Hablo del tlacatlaolli, el “maíz de hombre”, actual pozole, un guiso prehispánico que mezclaba maíz nixtamalizado con carne humana obtenida tras los sacrificios. Sí: nuestro pozole nació de un rito sacrificial.
LA CORRUPCIÓN DE UNA FE ANTIGUA
Los sacrificios humanos no fueron originarios de la religión tolteca. Fernando de Alva Ixtlilxóchitl, cronista indígena del siglo XVII, lo explica con claridad: bajo Quetzalcóatl no se derramaba sangre humana. La antigua fe rendía culto con flores, copal y animales.

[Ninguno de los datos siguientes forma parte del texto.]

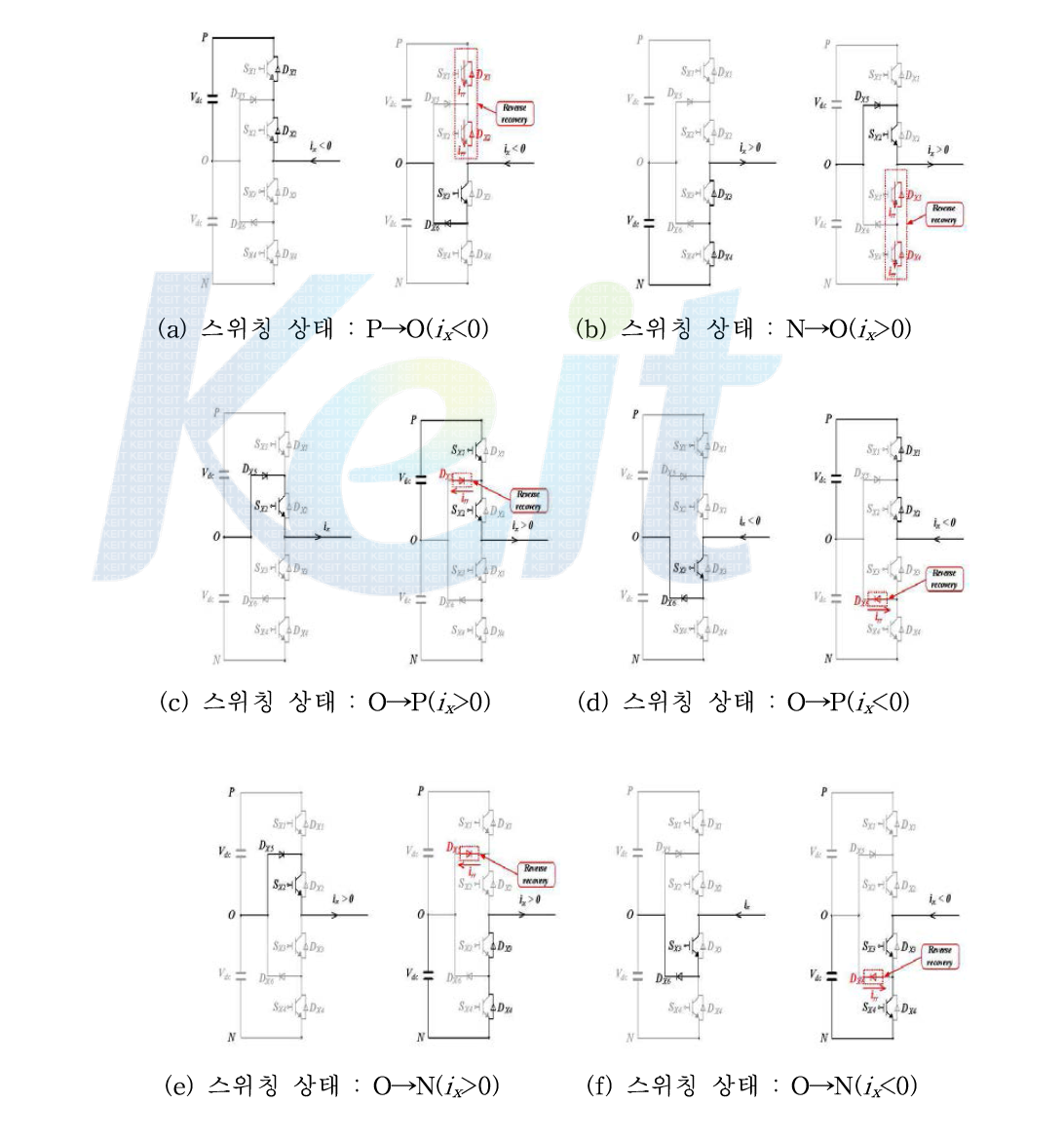 스위칭 상태와 부하전류에 따른 역회복 현상의 예시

Los sacrificios humanos —dice— fueron una desviación tardía, introducida por líderes que corrompieron la ley antigua y convirtieron el culto en mecanismo de dominación.
Ese es el origen real del sistema sacrificial: no una “tradición espiritual”, como repiten con romanticismo ciertos indigenistas modernos, sino un viraje teológico que abrió la puerta al miedo, a la violencia ritual y al control político.

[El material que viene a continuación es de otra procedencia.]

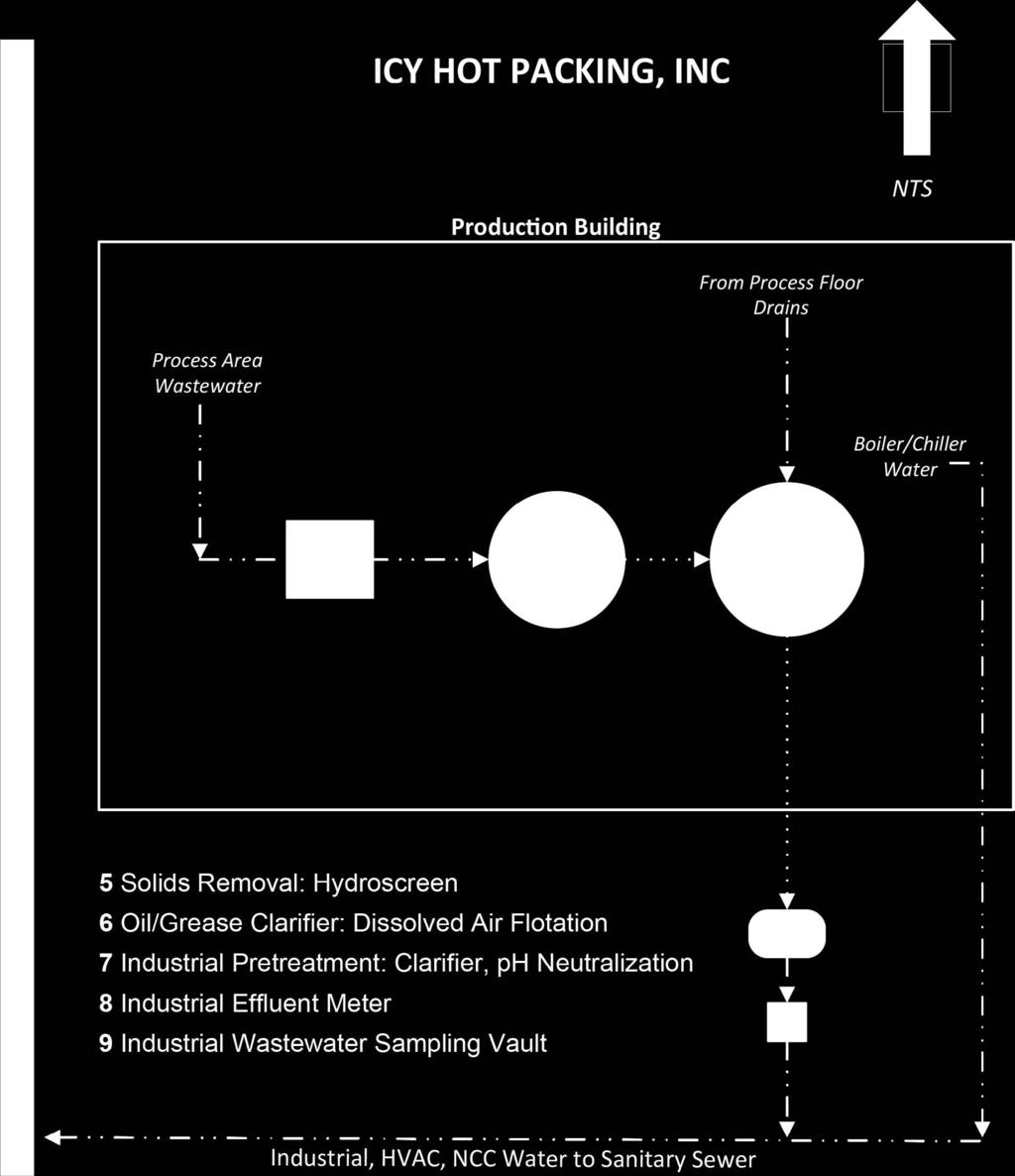 Appendix F: Pretreatment System Diagram Show all processes, with pertinent piping and equipment, that relate to the treatment of process or non-domestic wastewaters.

GUERRAS FLORIDAS: LA CASERÍA HUMANA
Con el poder mexica llegó la institucionalización del sacrificio. Los dioses pedían más corazones; la teocracia necesitaba más cuerpos. Así nacieron las Guerras Floridas: enfrentamientos pactados cuya finalidad no era conquistar tierra, sino capturar hombres vivos para ofrecerlos en el templo.
El enemigo valía más vivo que muerto. Era una guerra de captura, no de exterminio. El guerrero buscaba someter, no matar. Los pueblos sometidos —en especial Tlaxcala— vivieron ese sistema como lo que era: un drenaje constante de su juventud y su fuerza. No es casual que fueran los aliados más resueltos de Cortés.
ANTROPOFAGIA: COMER ES DOMINAR
El sacrificio no terminaba en el altar. Después del ritual en lo alto del templo, el cuerpo del cautivo se repartía entre los captores. La antropofagia —practicada sobre todo en Tenochtitlan— no era hambre, ni necesidad, ni “comunión simbólica con la naturaleza”. Era un acto de poder: absorber la energía del enemigo, reafirmar la jerarquía del guerrero y cerrar el ciclo sagrado del sacrificio.
Esa carne seleccionada —generalmente los muslos— era estofada y servida en un guiso ritual. Allí nace el tlacatlaolli: maíz indígena y carne humana cocinados juntos como ofrenda y trofeo.
TLACATLAOLLI: MAÍZ DE HOMBRE
El tlacatlaolli condensa toda la cosmovisión mexica: vida y muerte, fertilidad y violencia, dios solar y guerra permanente. Era el banquete privado del guerrero victorioso. Un alimento que no nutría el cuerpo, sino la estructura simbólica del poder.
Cuando uno entiende esto, el origen del pozole deja de ser anecdótico. Es metáfora pura: el caldo donde hierve la historia real de este país.
DEL RITO A LA MESA
Con la llegada de los españoles, la antropofagia desapareció en cuestión de meses. Nadie se reveló por eso. Se prohibió de inmediato. La carne humana salió de la olla, pero el maíz quedó. El guiso sobrevivió transformado: lo que antes se mezclaba con carne de hombre empezó a mezclarse con cerdo, luego con pollo, después con res. Y así nació el pozole.
Hoy lo comemos sin culpa —como debe ser—, pero ignorando una parte de la historia que no cuadra con ciertos discursos contemporáneos que idealizan el pasado indígena mientras demonizan la herencia hispánica. El mestizaje —real, profundo, a veces doloroso— también pasa por la cocina.
IDENTIDAD SIN ROMANTIZAR
No necesitamos negar el pasado indígena ni disfrazarlo; tampoco renegar del legado hispánico que nos dio lengua, instituciones y una nueva arquitectura espiritual. Somos fruto de ambos: del maíz y la carne europea, de la ofrenda y la cruz, del tlacatlaolli y del pozole.
Reconocerlo no es denigrar a nadie. Es mirarnos sin mitos, sin imposturas, sin relatos políticamente diseñados. Para entender quiénes somos, hay que aceptar el país que hemos sido.
Y a veces —aunque incomode— la verdad está en el fondo de la olla.